Aim of the exercise: In your transcription, keep every record exact and leave out the pictures.

[Exercise data — start]

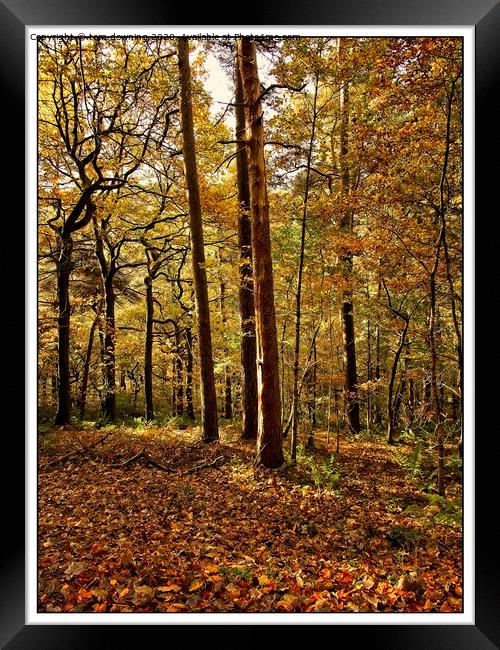 Autumn woodland Framed Print by tom downing
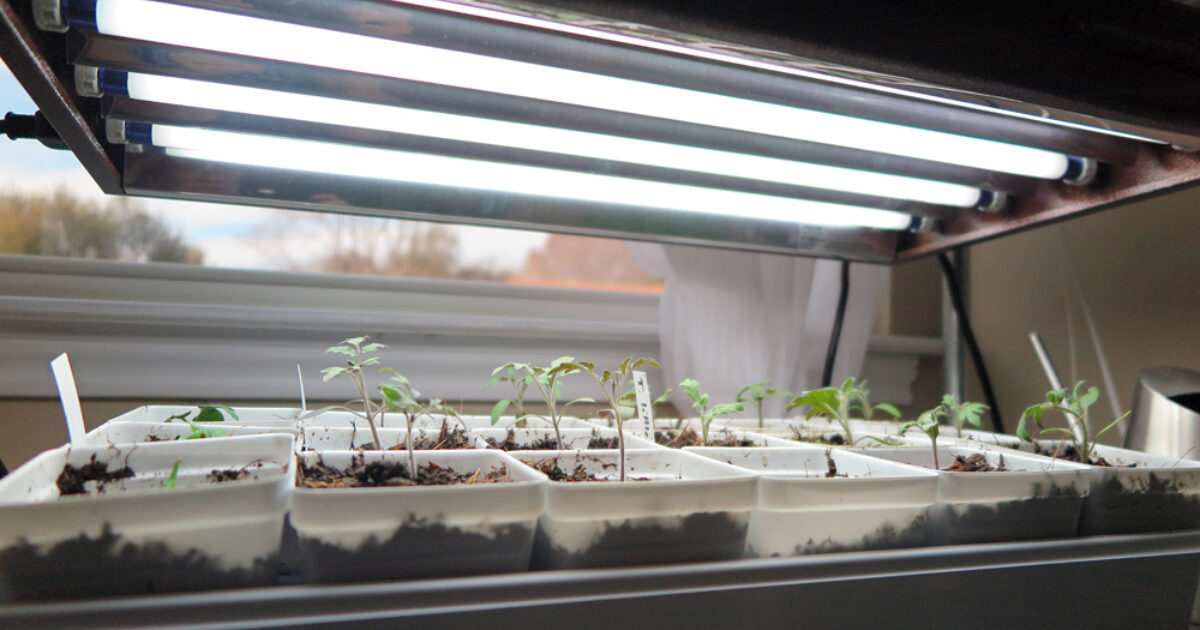 Halleck Horticultural | Plantgeek Chic - Gardening Under Lights: Use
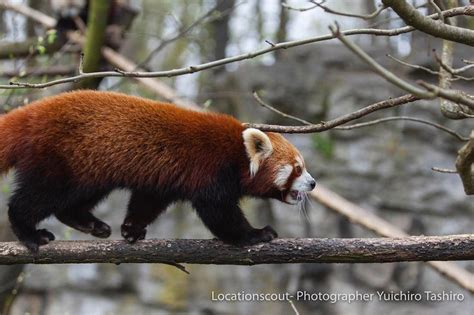 Meet A Red Panda Walking On A Branch During Locationscouting In A Zoo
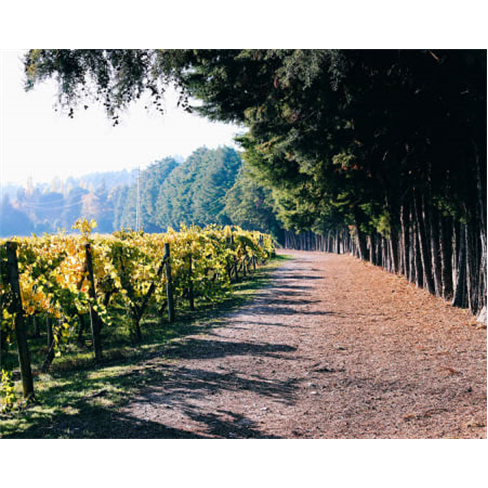 Descoberta Vinho + Casa Vilacetinho - Caminhada Guiada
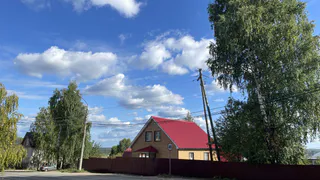 Жара накроет резко и без стука: Вильфанд раскрыл точную дату расцвета весны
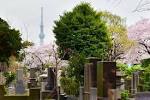 sakura11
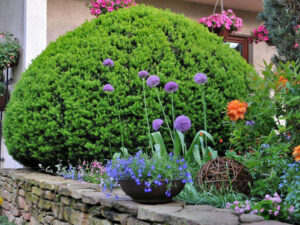 taxus-xmedia-kazio-pbr-1--4-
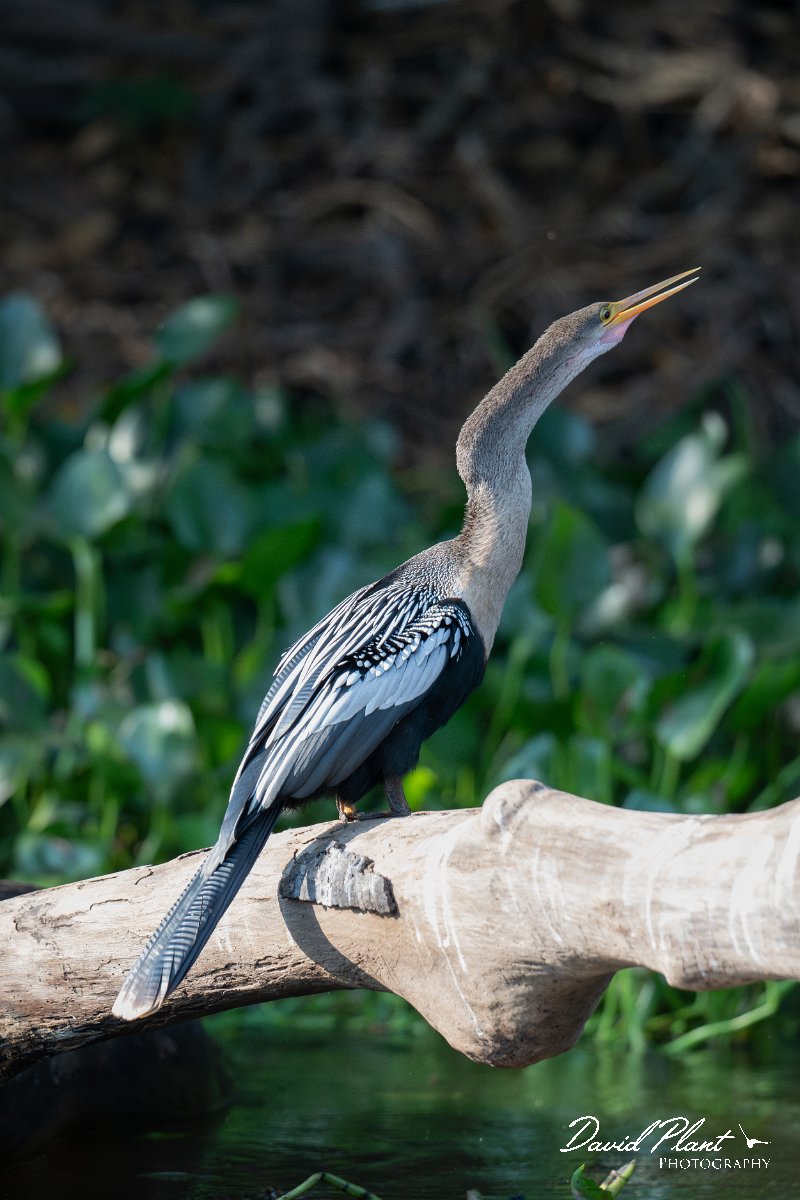 DPPhotography - Pantanal - Anhinga - C.jpg - Anhinga - Pantanal, Brazil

[Exercise data — finish]

Task result:
 Autumn woodland Framed Print by tom downing
 Halleck Horticultural | Plantgeek Chic - Gardening Under Lights: Use
 Meet A Red Panda Walking On A Branch During Locationscouting In A Zoo
 Descoberta Vinho + Casa Vilacetinho - Caminhada Guiada
 Жара накроет резко и без стука: Вильфанд раскрыл точную дату расцвета весны
 sakura11
 taxus-xmedia-kazio-pbr-1--4-
 DPPhotography - Pantanal - Anhinga - C.jpg - Anhinga - Pantanal, Brazil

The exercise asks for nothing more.